HOW TO COMPLETE THIS TASK:
Take every line from the material that has the word "results" in it.

PROVIDED DATA:
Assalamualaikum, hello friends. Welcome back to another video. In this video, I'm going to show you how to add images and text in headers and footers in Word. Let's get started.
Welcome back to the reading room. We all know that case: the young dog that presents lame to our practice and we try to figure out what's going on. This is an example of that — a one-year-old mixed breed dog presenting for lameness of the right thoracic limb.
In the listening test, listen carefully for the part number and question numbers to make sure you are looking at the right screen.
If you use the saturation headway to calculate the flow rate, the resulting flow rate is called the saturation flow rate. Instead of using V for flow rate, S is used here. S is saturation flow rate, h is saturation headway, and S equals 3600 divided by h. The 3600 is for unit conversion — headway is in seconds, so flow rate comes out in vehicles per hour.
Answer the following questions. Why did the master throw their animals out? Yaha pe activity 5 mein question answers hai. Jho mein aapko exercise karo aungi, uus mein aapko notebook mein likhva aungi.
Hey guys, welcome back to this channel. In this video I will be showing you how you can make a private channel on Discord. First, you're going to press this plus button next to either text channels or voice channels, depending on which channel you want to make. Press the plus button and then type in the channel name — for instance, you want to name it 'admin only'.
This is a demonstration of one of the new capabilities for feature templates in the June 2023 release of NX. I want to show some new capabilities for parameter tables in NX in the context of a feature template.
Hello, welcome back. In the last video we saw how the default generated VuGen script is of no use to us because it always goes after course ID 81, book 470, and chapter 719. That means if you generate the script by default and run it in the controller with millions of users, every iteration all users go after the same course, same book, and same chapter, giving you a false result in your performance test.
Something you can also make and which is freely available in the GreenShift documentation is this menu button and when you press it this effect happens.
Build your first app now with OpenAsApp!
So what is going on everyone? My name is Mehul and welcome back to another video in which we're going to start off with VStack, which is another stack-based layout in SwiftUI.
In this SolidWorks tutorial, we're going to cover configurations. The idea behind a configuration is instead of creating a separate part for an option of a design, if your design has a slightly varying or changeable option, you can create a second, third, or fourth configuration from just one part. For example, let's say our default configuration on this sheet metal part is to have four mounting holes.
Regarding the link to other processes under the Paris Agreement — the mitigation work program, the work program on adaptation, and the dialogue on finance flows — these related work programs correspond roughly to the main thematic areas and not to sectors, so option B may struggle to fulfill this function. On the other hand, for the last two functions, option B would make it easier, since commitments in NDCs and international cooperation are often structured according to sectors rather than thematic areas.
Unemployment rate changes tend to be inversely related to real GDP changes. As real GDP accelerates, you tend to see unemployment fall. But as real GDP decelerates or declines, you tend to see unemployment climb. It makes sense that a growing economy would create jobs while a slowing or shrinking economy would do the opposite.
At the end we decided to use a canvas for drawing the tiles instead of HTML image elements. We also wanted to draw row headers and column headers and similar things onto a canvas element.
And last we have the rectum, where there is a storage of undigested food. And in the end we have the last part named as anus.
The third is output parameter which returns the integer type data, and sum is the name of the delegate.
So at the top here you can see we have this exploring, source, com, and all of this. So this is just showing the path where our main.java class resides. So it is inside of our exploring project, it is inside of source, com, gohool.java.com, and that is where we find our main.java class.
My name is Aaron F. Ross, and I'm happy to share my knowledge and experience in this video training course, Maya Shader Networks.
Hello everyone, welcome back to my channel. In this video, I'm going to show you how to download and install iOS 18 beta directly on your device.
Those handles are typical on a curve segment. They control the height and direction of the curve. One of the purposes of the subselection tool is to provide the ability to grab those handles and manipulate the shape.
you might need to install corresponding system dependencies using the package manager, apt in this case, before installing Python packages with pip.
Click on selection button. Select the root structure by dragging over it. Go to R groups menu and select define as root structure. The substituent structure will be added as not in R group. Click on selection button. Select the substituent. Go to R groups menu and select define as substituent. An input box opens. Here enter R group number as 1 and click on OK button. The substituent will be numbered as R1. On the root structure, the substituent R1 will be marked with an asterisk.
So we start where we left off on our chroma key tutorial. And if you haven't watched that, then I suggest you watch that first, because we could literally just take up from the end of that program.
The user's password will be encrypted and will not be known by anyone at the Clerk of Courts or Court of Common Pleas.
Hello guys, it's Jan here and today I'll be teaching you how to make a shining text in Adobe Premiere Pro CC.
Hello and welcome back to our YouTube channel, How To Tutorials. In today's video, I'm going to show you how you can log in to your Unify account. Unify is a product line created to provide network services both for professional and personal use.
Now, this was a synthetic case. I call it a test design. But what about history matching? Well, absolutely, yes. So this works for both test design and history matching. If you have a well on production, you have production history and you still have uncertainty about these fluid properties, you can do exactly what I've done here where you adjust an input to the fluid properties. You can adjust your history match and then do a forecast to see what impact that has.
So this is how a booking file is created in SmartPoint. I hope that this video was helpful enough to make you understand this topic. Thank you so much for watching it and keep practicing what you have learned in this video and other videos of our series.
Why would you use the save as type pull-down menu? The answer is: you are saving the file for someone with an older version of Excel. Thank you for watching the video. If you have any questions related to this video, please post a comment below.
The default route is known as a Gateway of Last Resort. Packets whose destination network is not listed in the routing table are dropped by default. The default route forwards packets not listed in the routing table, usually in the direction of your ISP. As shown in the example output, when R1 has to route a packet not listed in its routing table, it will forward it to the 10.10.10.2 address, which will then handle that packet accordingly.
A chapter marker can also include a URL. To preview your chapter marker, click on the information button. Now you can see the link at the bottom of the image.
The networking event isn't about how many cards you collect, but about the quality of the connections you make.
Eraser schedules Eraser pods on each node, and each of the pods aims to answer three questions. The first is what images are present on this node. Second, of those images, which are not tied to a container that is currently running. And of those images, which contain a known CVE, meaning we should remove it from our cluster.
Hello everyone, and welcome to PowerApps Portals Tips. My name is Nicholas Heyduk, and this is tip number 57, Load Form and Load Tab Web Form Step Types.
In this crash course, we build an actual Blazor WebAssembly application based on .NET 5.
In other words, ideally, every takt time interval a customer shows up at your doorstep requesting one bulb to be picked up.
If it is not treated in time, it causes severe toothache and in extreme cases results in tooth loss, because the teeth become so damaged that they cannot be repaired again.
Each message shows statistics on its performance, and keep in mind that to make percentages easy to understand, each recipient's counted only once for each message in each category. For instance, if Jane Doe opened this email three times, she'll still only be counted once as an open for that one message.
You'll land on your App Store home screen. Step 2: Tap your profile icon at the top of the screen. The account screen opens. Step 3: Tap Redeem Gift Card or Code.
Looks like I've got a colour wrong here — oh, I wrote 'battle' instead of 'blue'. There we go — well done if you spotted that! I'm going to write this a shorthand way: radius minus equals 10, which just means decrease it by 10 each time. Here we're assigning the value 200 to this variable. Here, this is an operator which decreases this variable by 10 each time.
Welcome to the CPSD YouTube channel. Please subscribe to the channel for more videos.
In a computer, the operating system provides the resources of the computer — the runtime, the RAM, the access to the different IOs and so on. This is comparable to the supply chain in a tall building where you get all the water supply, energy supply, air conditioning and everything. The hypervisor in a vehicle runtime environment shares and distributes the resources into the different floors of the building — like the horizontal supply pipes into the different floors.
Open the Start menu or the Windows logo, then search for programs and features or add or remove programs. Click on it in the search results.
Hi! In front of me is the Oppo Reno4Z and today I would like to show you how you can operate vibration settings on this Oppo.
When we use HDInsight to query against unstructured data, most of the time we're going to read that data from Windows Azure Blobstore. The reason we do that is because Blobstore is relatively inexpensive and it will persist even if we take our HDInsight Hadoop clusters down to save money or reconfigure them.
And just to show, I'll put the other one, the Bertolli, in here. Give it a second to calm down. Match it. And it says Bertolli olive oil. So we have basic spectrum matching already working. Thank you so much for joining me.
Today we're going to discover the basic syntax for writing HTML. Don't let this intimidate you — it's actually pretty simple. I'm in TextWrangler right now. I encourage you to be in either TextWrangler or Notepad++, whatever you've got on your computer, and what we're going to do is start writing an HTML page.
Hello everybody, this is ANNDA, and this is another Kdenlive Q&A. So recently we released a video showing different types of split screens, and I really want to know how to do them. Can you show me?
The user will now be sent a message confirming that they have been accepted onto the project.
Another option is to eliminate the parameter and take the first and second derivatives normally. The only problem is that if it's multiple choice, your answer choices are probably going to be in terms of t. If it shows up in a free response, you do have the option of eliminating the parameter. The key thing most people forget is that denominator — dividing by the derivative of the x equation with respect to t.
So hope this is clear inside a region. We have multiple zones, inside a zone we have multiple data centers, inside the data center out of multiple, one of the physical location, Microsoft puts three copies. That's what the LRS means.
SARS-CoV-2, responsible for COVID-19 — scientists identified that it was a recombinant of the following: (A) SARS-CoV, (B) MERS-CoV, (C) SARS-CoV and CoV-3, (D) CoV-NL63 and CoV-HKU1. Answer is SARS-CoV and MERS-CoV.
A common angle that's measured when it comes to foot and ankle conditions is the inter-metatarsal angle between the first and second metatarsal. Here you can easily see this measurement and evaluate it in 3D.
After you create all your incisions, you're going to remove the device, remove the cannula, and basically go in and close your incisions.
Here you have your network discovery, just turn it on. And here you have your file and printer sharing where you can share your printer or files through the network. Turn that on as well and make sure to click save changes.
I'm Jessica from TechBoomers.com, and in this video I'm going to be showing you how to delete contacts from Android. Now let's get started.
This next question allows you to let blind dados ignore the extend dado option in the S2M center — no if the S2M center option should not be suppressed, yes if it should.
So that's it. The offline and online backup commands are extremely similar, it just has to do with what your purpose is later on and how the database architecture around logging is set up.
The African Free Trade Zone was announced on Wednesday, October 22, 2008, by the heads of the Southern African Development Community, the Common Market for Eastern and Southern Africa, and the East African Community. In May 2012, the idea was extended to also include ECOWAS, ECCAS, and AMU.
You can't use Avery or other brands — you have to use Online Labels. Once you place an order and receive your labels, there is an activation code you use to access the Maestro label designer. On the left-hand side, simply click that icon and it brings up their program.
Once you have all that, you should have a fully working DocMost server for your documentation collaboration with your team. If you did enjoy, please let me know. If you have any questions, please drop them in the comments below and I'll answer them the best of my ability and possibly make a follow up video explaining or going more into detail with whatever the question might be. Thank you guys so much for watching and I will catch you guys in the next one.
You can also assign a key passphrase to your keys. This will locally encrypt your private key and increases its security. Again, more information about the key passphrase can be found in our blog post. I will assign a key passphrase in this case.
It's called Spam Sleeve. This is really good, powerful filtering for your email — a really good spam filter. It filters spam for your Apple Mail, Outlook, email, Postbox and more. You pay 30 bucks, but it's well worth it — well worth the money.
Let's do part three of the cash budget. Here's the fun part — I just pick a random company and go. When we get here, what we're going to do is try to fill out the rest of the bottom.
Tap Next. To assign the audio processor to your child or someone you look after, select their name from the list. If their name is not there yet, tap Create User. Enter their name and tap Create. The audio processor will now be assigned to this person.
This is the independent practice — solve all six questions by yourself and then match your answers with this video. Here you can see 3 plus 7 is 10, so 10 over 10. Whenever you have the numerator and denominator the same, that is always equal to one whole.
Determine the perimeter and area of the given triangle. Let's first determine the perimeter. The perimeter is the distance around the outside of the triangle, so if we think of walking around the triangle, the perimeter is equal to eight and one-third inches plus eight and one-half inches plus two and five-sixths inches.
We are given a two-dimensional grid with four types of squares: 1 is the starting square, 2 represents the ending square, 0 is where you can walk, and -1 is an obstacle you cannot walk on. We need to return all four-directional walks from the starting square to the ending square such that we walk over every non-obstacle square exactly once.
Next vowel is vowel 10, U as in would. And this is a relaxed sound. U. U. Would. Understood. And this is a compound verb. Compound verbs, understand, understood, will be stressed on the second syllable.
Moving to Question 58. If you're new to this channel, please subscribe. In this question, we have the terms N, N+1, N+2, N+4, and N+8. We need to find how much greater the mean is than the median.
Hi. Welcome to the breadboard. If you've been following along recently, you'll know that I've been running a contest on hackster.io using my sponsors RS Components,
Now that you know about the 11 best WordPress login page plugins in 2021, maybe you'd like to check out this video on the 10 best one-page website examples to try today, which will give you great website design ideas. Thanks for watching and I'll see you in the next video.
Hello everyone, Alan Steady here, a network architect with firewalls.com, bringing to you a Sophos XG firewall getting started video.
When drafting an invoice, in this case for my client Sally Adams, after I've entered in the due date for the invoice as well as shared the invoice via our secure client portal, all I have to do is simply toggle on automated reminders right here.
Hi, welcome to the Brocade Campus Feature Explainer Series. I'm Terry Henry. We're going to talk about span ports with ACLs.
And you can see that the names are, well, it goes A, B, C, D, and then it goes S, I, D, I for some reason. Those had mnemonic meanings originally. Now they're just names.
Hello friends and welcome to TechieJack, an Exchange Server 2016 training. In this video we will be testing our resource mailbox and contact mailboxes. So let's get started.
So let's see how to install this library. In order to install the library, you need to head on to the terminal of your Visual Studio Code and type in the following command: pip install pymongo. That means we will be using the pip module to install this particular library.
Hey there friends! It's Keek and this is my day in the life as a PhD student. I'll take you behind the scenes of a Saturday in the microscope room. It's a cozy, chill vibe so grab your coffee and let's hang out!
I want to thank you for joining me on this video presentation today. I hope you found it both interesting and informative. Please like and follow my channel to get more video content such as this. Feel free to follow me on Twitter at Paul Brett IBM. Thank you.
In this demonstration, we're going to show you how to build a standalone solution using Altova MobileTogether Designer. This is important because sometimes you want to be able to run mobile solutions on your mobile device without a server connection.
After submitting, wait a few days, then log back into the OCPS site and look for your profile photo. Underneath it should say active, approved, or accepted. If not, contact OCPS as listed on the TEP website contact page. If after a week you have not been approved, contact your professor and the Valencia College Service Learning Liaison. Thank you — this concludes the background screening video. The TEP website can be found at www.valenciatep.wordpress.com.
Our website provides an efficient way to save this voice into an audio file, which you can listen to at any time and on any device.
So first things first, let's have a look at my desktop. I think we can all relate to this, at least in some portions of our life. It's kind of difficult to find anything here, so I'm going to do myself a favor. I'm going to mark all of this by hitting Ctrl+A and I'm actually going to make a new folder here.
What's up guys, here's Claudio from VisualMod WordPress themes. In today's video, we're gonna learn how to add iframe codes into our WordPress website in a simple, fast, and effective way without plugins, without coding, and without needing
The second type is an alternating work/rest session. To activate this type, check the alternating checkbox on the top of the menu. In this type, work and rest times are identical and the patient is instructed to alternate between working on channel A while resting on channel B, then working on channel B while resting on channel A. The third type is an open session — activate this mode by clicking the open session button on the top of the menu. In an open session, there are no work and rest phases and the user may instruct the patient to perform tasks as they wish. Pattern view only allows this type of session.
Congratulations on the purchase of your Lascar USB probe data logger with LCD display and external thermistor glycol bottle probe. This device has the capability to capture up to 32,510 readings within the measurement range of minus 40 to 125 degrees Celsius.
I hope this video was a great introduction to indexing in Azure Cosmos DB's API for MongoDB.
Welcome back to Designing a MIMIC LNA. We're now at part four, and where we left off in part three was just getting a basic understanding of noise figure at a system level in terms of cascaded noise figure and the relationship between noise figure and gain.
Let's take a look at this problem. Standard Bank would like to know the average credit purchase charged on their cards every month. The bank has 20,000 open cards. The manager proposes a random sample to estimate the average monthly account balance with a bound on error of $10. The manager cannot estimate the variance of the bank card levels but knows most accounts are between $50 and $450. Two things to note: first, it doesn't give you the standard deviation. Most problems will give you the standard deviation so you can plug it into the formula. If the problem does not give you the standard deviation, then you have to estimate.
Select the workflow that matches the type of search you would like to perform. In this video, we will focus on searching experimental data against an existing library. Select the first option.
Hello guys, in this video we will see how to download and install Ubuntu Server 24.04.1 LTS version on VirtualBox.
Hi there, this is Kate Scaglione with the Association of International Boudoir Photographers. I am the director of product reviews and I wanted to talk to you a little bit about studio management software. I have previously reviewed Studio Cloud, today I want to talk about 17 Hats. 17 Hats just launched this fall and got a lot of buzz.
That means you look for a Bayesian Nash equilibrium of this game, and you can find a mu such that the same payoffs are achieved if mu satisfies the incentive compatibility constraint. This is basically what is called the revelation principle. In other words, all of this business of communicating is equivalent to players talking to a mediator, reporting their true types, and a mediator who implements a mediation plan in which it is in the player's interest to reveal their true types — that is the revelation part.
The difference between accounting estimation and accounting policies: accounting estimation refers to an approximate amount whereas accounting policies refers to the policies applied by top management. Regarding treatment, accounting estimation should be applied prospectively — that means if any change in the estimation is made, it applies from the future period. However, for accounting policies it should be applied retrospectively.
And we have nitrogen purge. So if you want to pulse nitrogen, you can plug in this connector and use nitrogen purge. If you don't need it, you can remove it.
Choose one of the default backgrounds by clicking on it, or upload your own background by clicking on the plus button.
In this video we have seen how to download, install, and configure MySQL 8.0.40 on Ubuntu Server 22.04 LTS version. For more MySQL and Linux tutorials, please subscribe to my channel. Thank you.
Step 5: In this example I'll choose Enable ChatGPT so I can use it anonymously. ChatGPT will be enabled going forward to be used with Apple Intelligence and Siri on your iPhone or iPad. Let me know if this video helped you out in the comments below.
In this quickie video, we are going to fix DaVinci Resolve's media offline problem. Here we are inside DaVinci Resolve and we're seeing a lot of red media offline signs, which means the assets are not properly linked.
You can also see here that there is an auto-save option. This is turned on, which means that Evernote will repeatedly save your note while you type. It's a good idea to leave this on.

YOUR RESPONSE:
If it is not treated in time, it causes severe toothache and in extreme cases results in tooth loss, because the teeth become so damaged that they cannot be repaired again.
Open the Start menu or the Windows logo, then search for programs and features or add or remove programs. Click on it in the search results.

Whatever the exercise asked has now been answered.